Postcard marketing is just about the most cost effective form of direct advertising, for both on line and bricks and mortar businesses. However, it can easily turn into a failed project if the following essentials are ignored.
1- Understand your target market’s profile.
Without understanding your target market you may end up wasting a lot of money, purchasing a mailing list that will simply not deliver any results. Depending on your target market, you should also consider the possibility of not buying a list but instead have the post office deliver to every address in particular zip codes, saving a lot of money in purchasing a list, addressing and sorting fees.
2- Use a high impact message.
It is very easy to get caught up in covering too many offers in a post card, which dilutes the message. Use a single appearing, irresistible offer and state it clearly and boldly in as few words as possible. General “we are here” and “We sell widgets” will never work. Special offers and coupons do.

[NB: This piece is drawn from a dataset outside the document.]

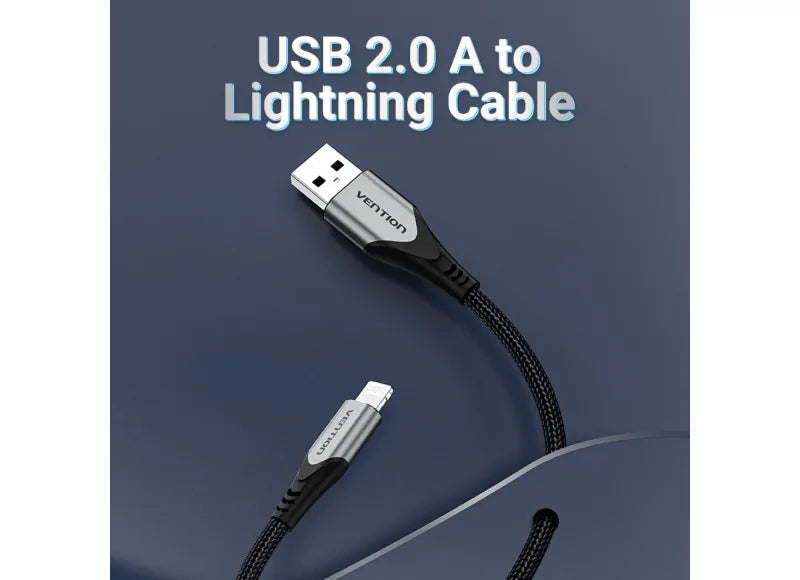 VENTION USB-A 2.0 TO LIGHTNING CABLE 2M (ALUMINUM GRAY)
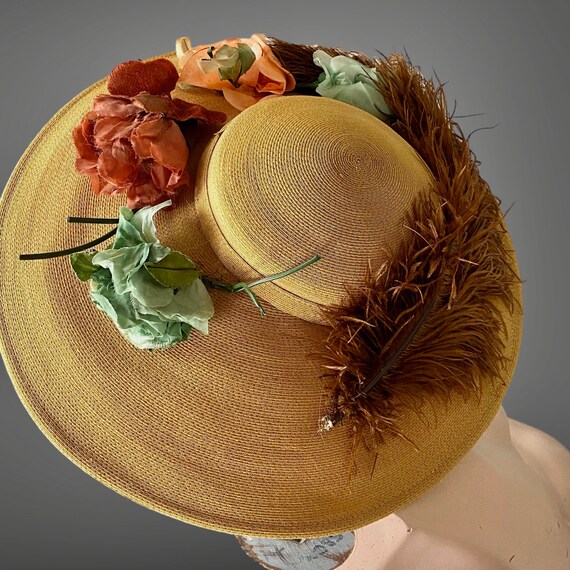 Vintage 1930s Wide Brim Straw Cartwheel Hat with … - image 5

3- Use a high impact design.
Avoid designing a cluttered postcard. Your design should be as bold and focused as your message. Hiring a professional graphic designer could payoff in a big way. Postcard printing is inexpensive enough these days to justify testing a few designs, as the cost of mailing is many times that of printing.

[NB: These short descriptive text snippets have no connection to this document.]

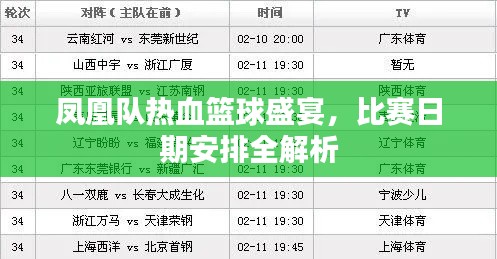 鳳凰隊熱血籃球盛宴，比賽日期安排全解析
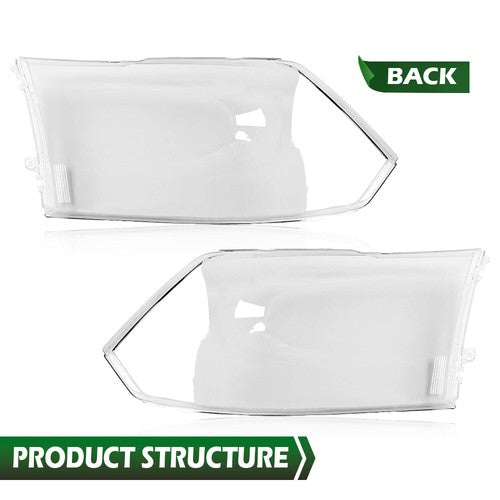 Solid Spare Fit For 09-18 Ram 1500 2500 3500 Clear Headlight Replacement Lens Left+Right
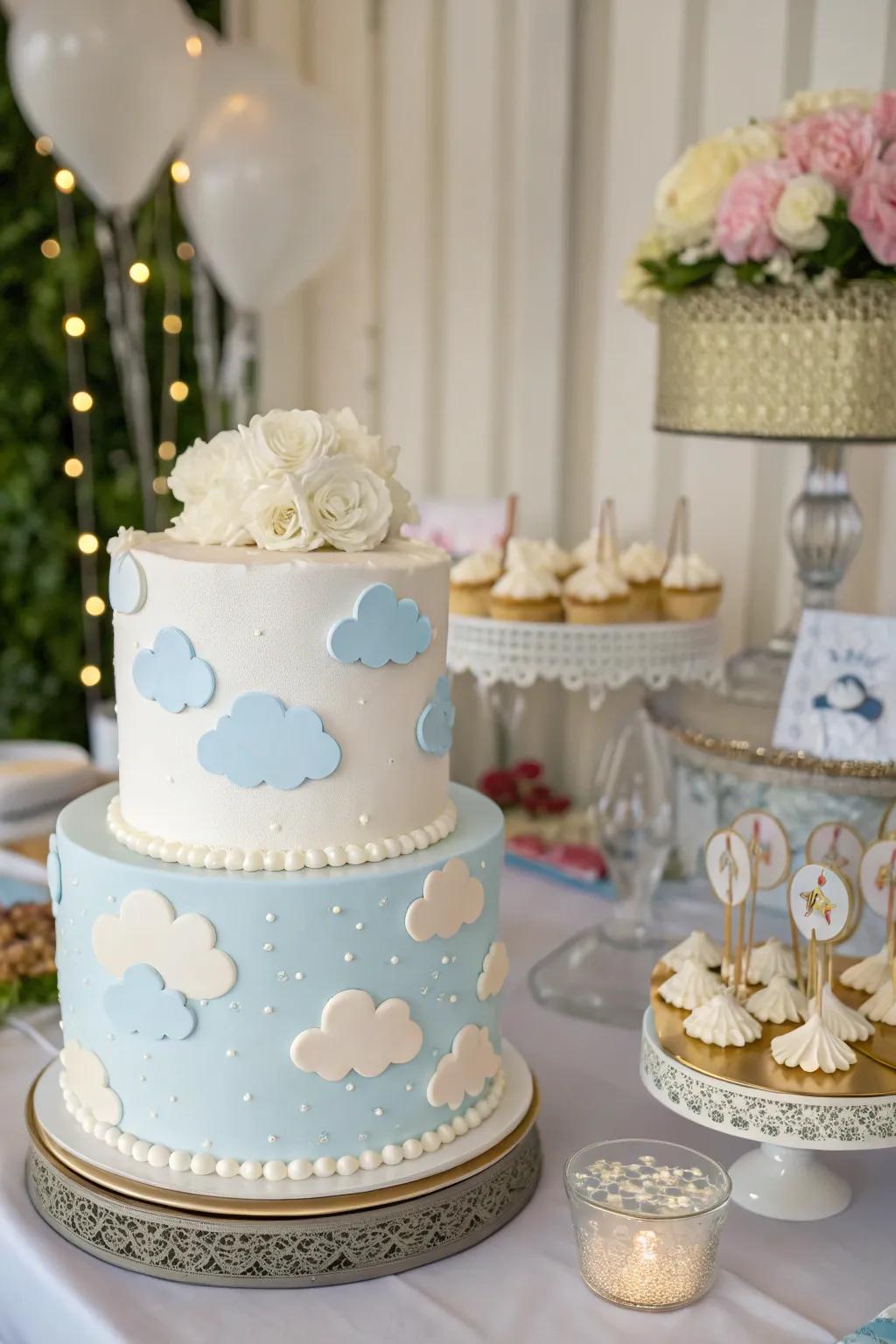 A sky-inspired confection acts as a scrumptious centerpiece, delivering sweetness to the event.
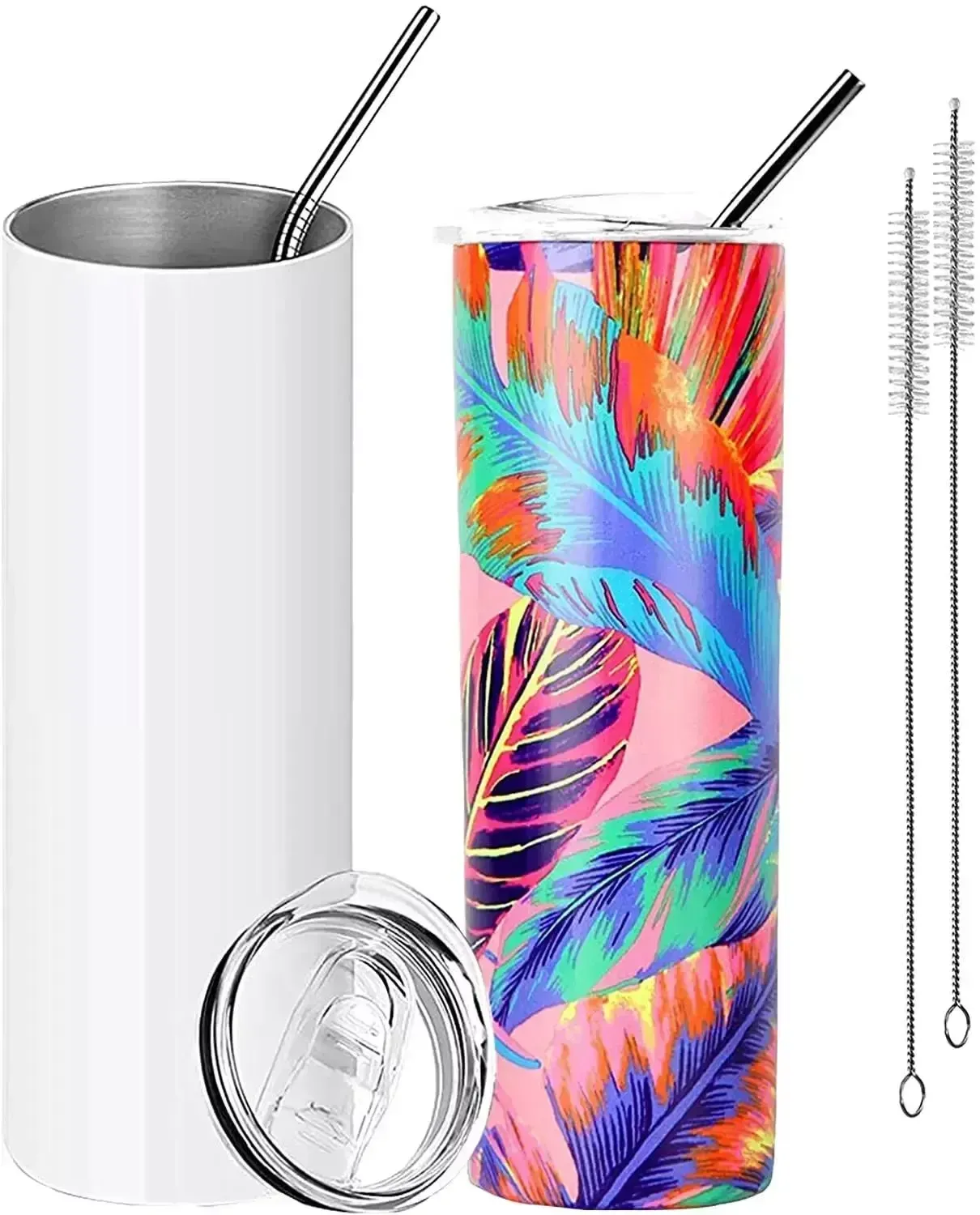 USA Warehouse 20 oz Sublimation Blank Straight Straight Stainless Steel  Tumbler With Straw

4- Test, monitor, and test again.
Make the offer subject to the client bringing in the postcard to qualify. With this, you can monitor results effectively.
Don’t expect the campaign to hit a home run and put all your resources into a huge distribution. Do test runs. Test for the effectiveness of the list, the design and the offer. Even when you get to a point where you consider the last camping a home run, don’t stop testing other alternatives. Monitor results carefully and keep notes.
5- Do it over and over, and over again.
Post card marketing or any kind of direct marketing for that matter depends on repetition. If you plan your testing carefully, you will end up with the most effective combination of message, offer and design and that message must be repeated over and over to become even more effective.